Do you think the Tatmadaw and the KNU have followed the NCA Code of Conduct and maintained peace?

I believe that that Tatmadaw are still abusing their power and putting a lot of pressure on local populations.

Who do you think is responsible for resolving the issues arising in your village?

I think that the authorities responsible are the Burma/Myanmar government, and the KNU. Community members should be involved in solving local issues so that the process can be democratic. However, we want the KNU to be accountable for resolving local issues because we are Karen.



[1] KHRG trains community members in southeastern Burma/Myanmar to document individual human rights abuses using a standardised reporting format; conduct interviews with other villagers; and write general updates on the situation in areas with which they are familiar. When conducting interviews, community members are trained to use loose question guidelines, but also to encourage interviewees to speak freely about recent events, raise issues that they consider to be important and share their opinions or perspectives on abuse and other local dynamics.

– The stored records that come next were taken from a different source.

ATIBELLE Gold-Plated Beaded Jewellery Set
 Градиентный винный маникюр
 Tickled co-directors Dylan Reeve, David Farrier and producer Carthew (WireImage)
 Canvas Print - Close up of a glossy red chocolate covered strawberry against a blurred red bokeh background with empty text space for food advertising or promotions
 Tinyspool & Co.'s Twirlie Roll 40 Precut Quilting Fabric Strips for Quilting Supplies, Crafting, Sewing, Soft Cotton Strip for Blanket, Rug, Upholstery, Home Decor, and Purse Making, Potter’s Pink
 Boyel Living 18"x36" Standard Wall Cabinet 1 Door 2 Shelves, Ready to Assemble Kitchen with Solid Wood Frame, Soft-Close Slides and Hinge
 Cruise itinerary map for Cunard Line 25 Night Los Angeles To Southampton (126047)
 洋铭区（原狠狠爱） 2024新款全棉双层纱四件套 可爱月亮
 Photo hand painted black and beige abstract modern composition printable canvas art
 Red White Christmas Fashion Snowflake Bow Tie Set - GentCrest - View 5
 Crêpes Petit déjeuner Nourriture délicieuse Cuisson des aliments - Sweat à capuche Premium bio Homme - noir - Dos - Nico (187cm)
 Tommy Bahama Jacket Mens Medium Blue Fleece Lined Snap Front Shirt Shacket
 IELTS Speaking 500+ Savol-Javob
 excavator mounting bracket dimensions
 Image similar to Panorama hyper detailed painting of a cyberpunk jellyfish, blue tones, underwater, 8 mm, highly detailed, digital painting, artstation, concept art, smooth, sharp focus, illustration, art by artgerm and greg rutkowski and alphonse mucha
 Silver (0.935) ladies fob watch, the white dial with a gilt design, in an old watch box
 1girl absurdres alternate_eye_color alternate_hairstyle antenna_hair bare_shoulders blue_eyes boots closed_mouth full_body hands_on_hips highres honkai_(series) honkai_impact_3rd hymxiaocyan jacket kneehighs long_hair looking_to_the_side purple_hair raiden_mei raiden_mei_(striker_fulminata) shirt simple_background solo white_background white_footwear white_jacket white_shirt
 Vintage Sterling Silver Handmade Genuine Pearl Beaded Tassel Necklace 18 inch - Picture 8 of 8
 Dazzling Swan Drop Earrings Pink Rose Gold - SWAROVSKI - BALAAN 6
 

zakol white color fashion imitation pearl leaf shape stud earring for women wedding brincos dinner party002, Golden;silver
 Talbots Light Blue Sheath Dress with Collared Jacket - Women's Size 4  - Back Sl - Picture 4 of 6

[2] In order to increase the transparency of KHRG methodology and more directly communicate the experiences and perspectives of villagers in southeastern Burma/Myanmar, KHRG aims to make all field information received available on the KHRG website once it has been processed and translated, subject only to security considerations. For additional reports categorised by Type, Issue, Location and Year, please see the Related Readings component following each report on KHRG’s website.

[3] All conversion estimates for the kyat in this report are based on the November 2018 official market rate of 1582.08 kyat to US $1.